The output must start at the line containing "Chanel Earrings Gold Hoop CC Logo" in the records below and stop at the last line, matching each line exactly and leaving out every picture.
__________
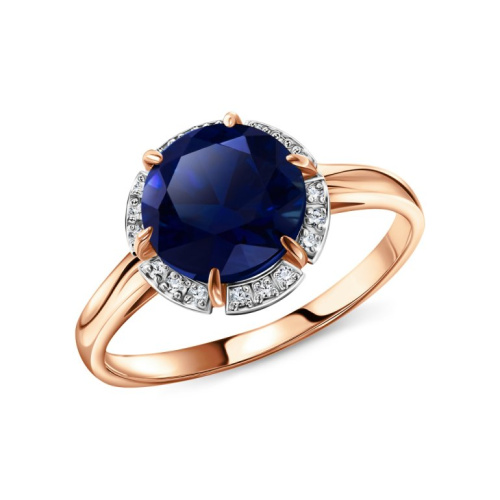 Золотое кольцо с бриллиантами природными и сапфирами выращенными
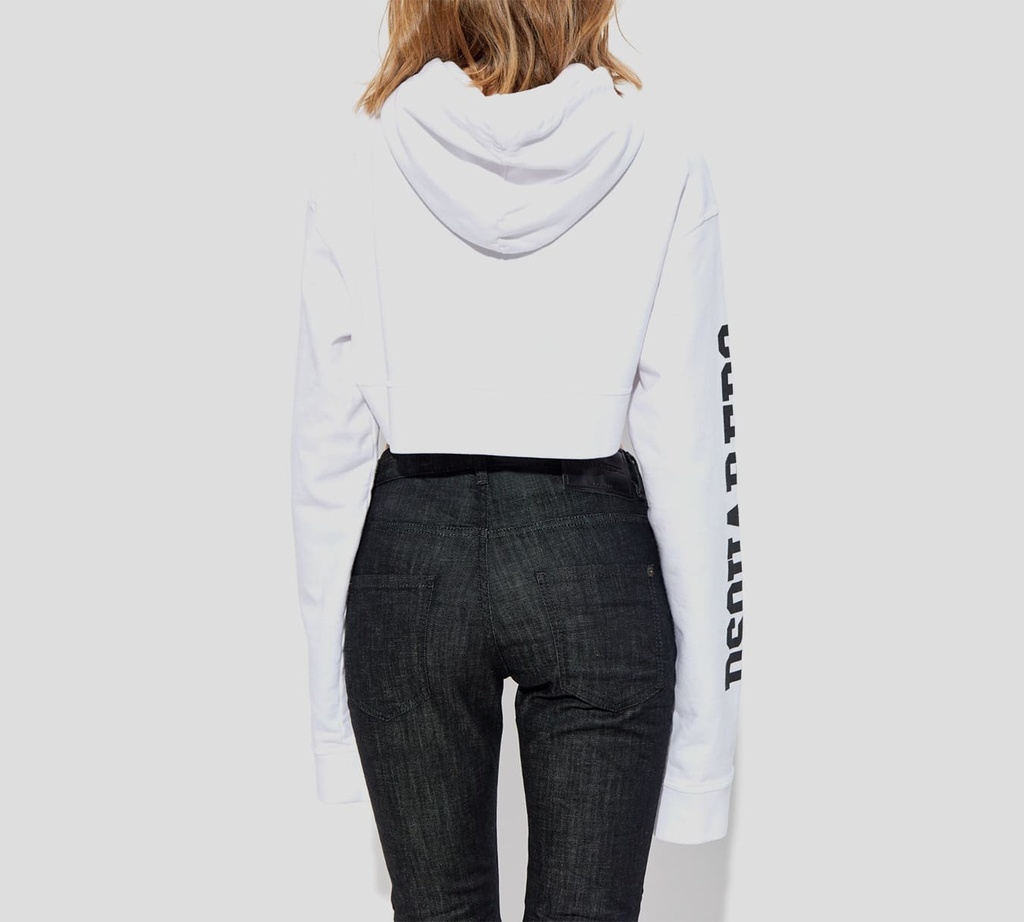 Dsquared2 - SWEATER CROP TOP CON HODDIE EN BLANCO CON ESTAMPADO 64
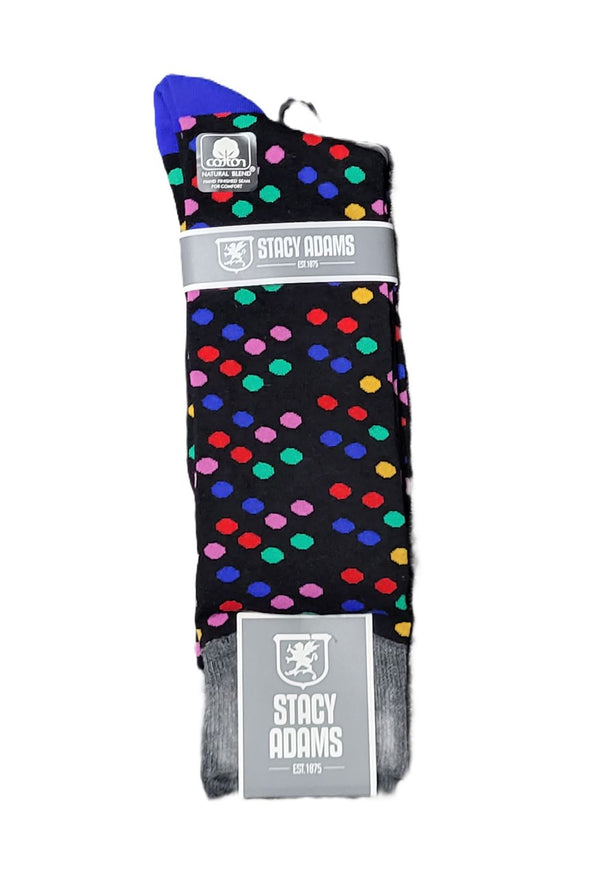 STACY ADAMS <BR> Men's Multicolor Dots Crew Sock (334)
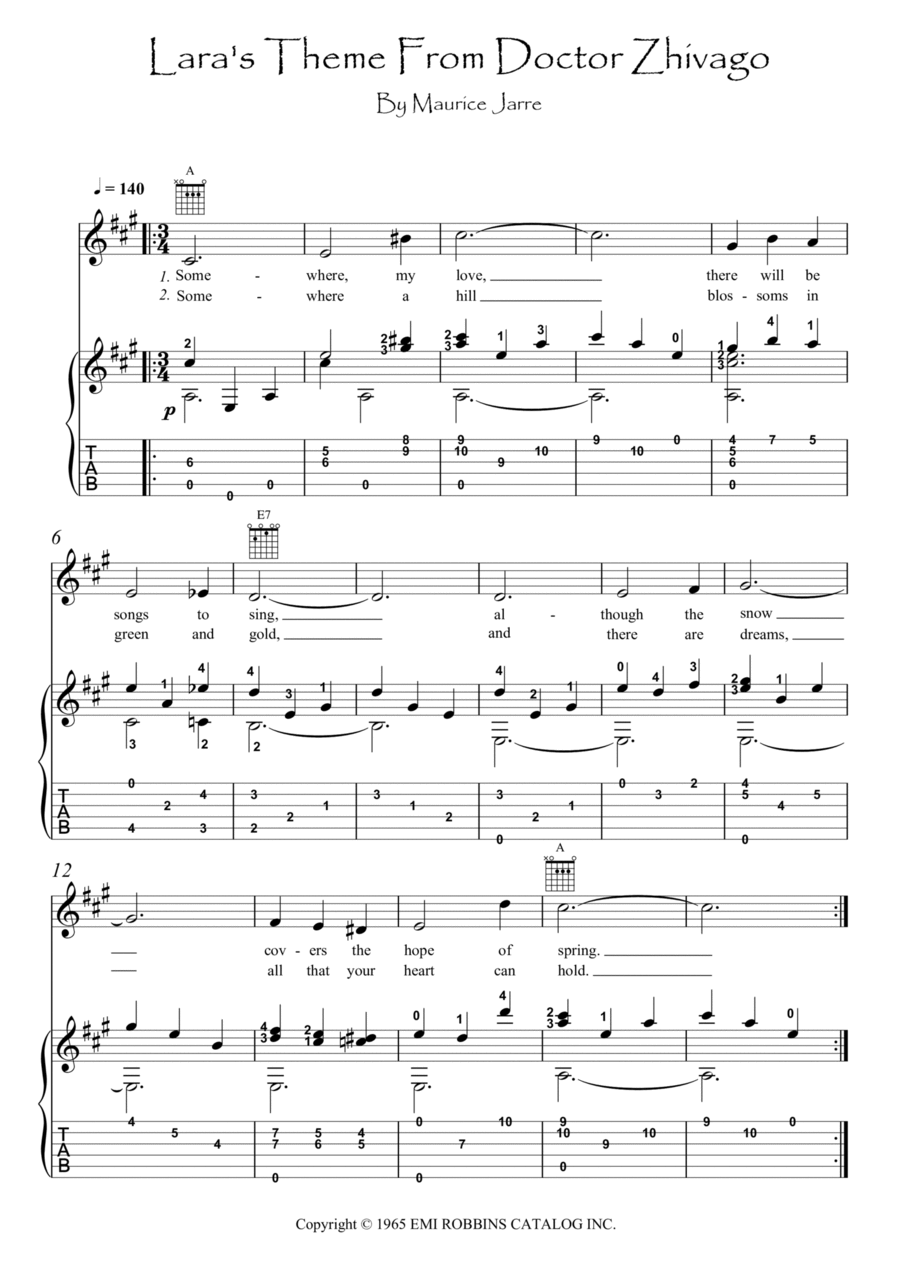 Lara's Theme From Doctor Zhivago Classical Guitar scores gallery preview page 1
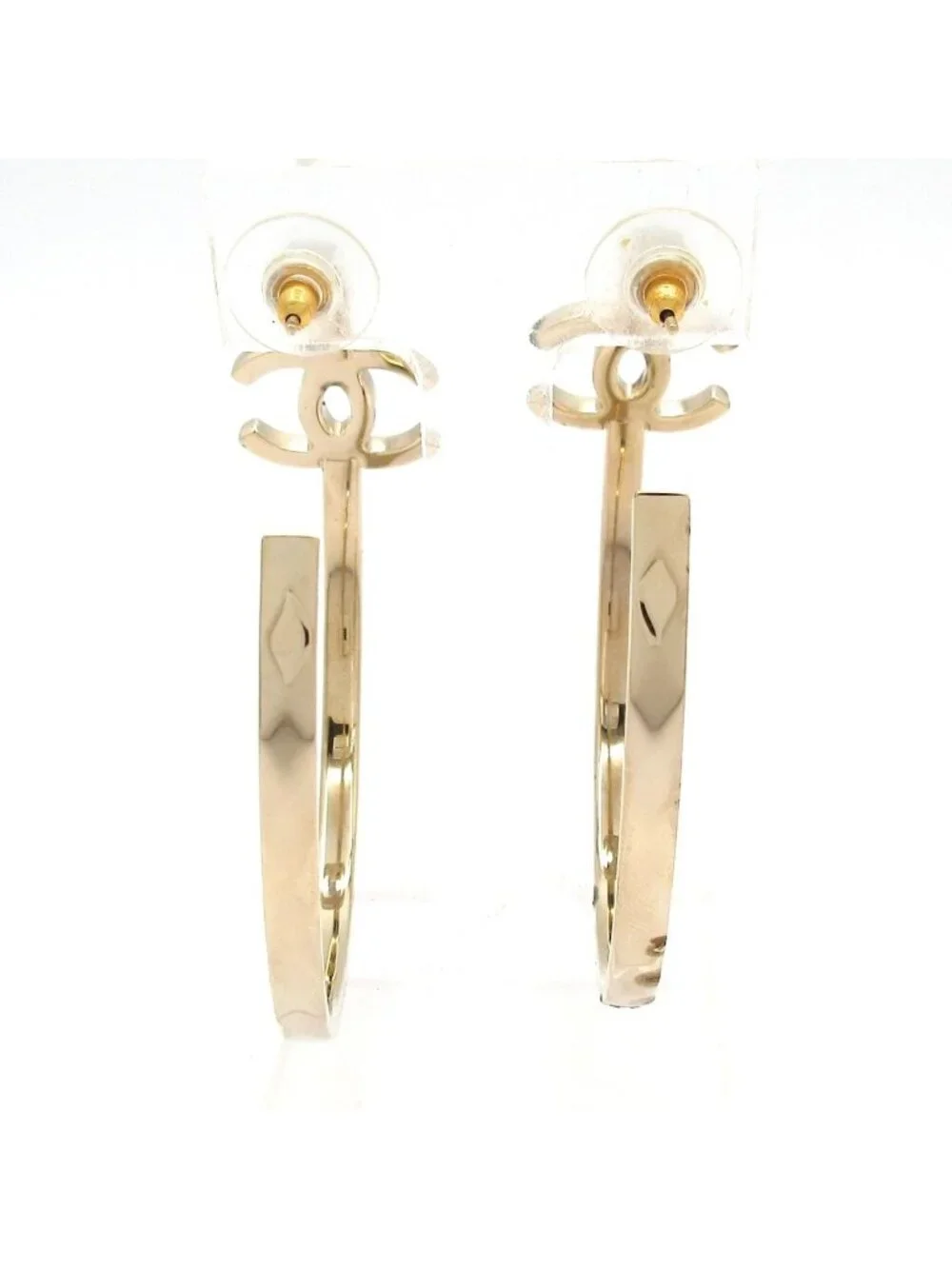 Chanel Earrings Gold Hoop CC Logo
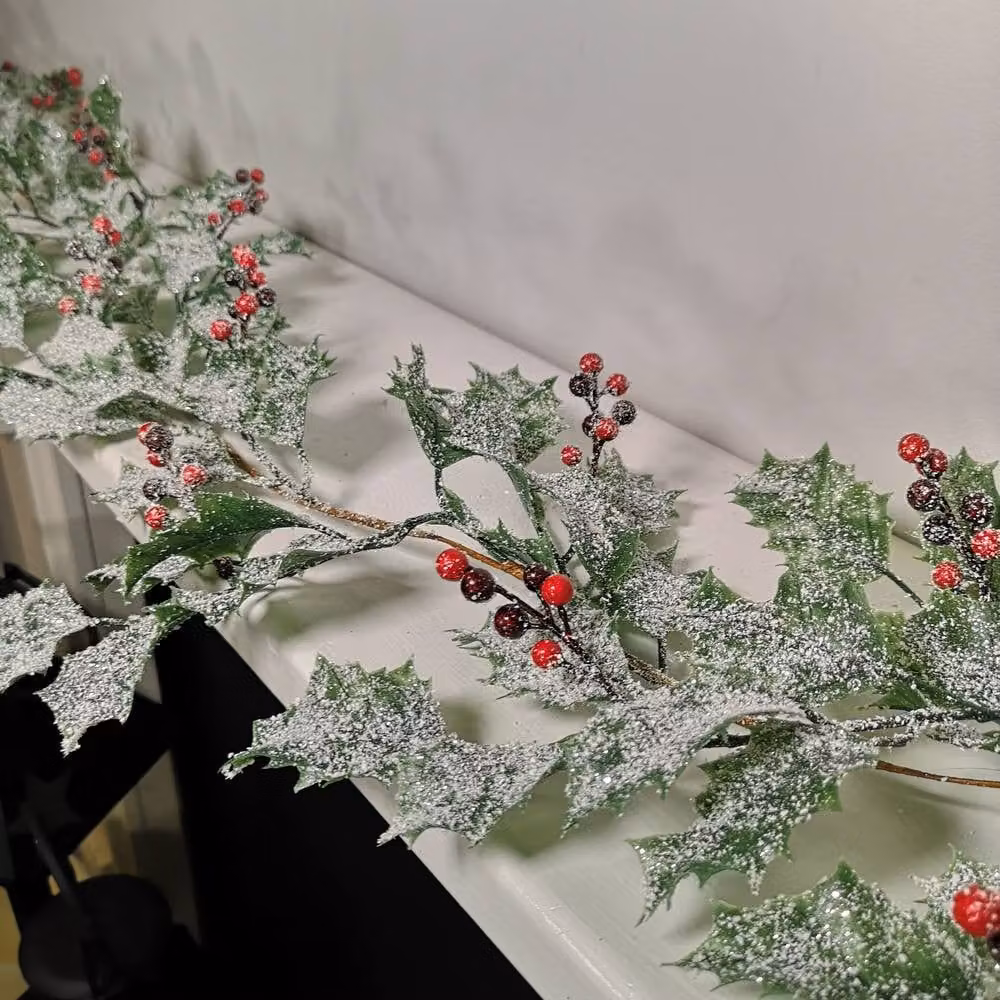 Samuel Alexander 1.8m Frosted Green Holly Leaf and Berry Glitter Christmas Garland Decoration – 4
__________
**WRITTEN SOLUTION:**
 Chanel Earrings Gold Hoop CC Logo
 Samuel Alexander 1.8m Frosted Green Holly Leaf and Berry Glitter Christmas Garland Decoration – 4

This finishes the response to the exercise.